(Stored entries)
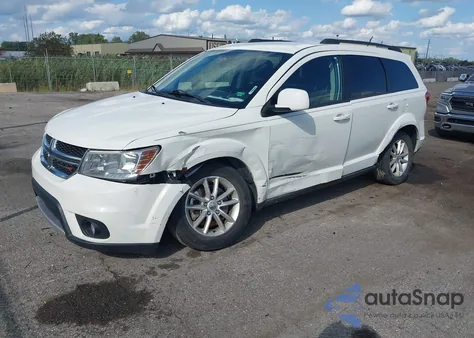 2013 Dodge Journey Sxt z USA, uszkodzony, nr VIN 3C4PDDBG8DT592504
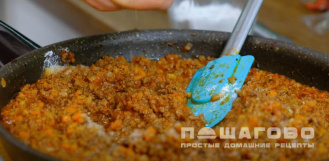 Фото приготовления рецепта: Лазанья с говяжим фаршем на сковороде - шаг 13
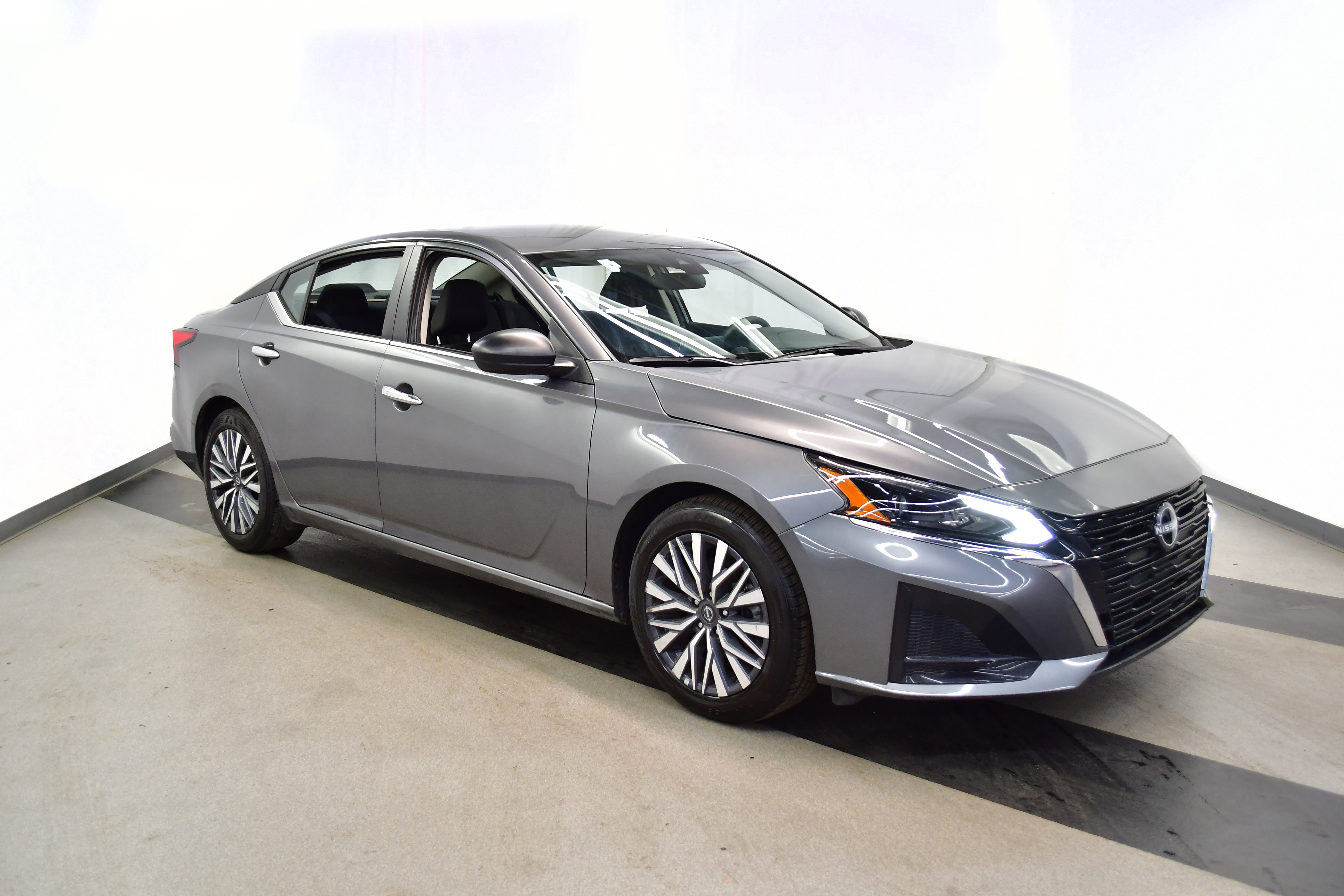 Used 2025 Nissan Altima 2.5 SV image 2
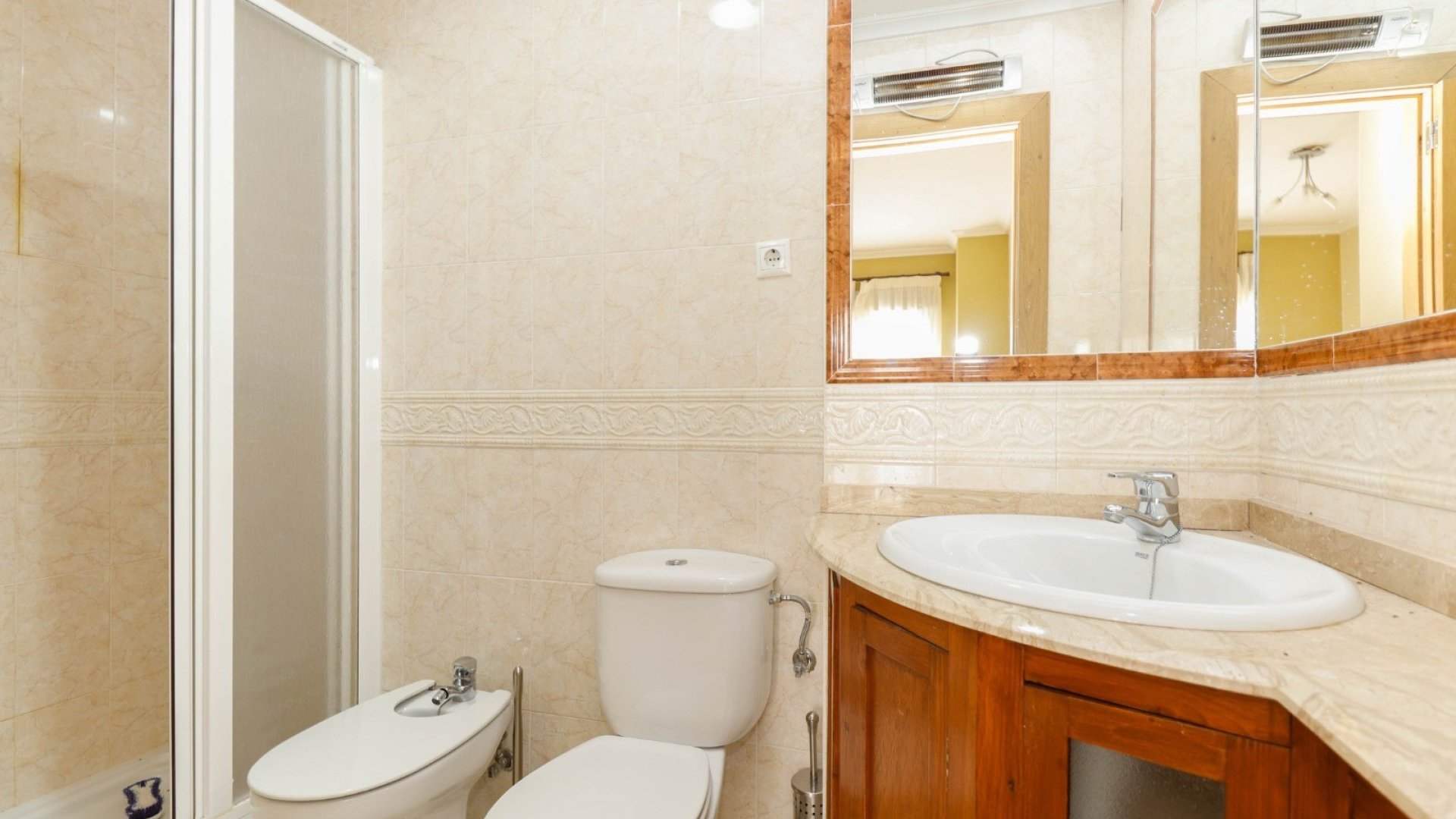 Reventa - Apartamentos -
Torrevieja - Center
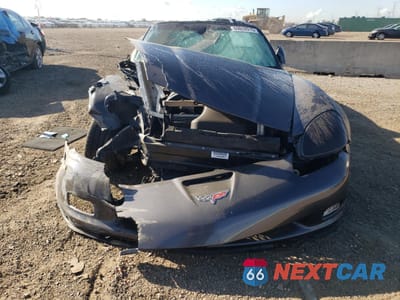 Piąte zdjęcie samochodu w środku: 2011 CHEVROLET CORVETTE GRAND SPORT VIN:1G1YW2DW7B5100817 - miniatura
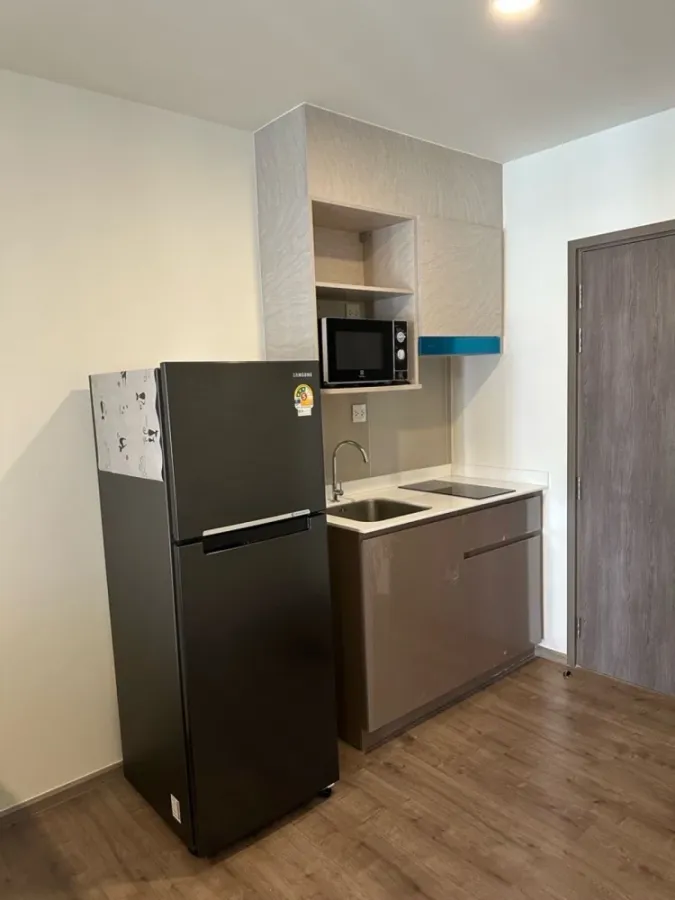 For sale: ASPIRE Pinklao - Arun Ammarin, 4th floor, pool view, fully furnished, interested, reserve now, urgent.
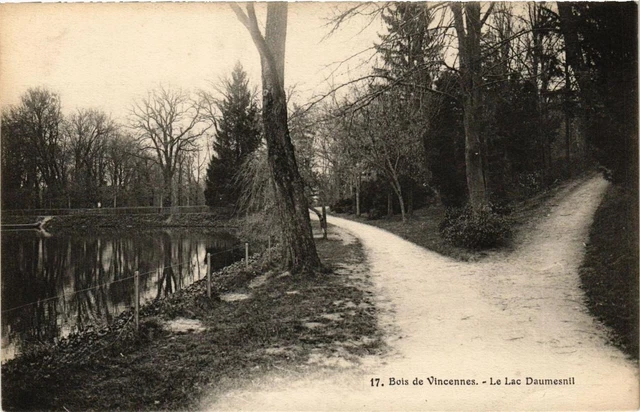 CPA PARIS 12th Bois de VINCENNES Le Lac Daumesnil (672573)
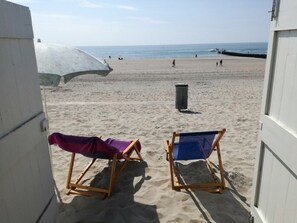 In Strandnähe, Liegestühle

_What is being asked_: Print each record exactly as it stands, omitting the pictures.

_Solution to this exercise_:
 2013 Dodge Journey Sxt z USA, uszkodzony, nr VIN 3C4PDDBG8DT592504
 Фото приготовления рецепта: Лазанья с говяжим фаршем на сковороде - шаг 13
 Used 2025 Nissan Altima 2.5 SV image 2
 Reventa - Apartamentos -
Torrevieja - Center
 Piąte zdjęcie samochodu w środku: 2011 CHEVROLET CORVETTE GRAND SPORT VIN:1G1YW2DW7B5100817 - miniatura
 For sale: ASPIRE Pinklao - Arun Ammarin, 4th floor, pool view, fully furnished, interested, reserve now, urgent.
 CPA PARIS 12th Bois de VINCENNES Le Lac Daumesnil (672573)
 In Strandnähe, Liegestühle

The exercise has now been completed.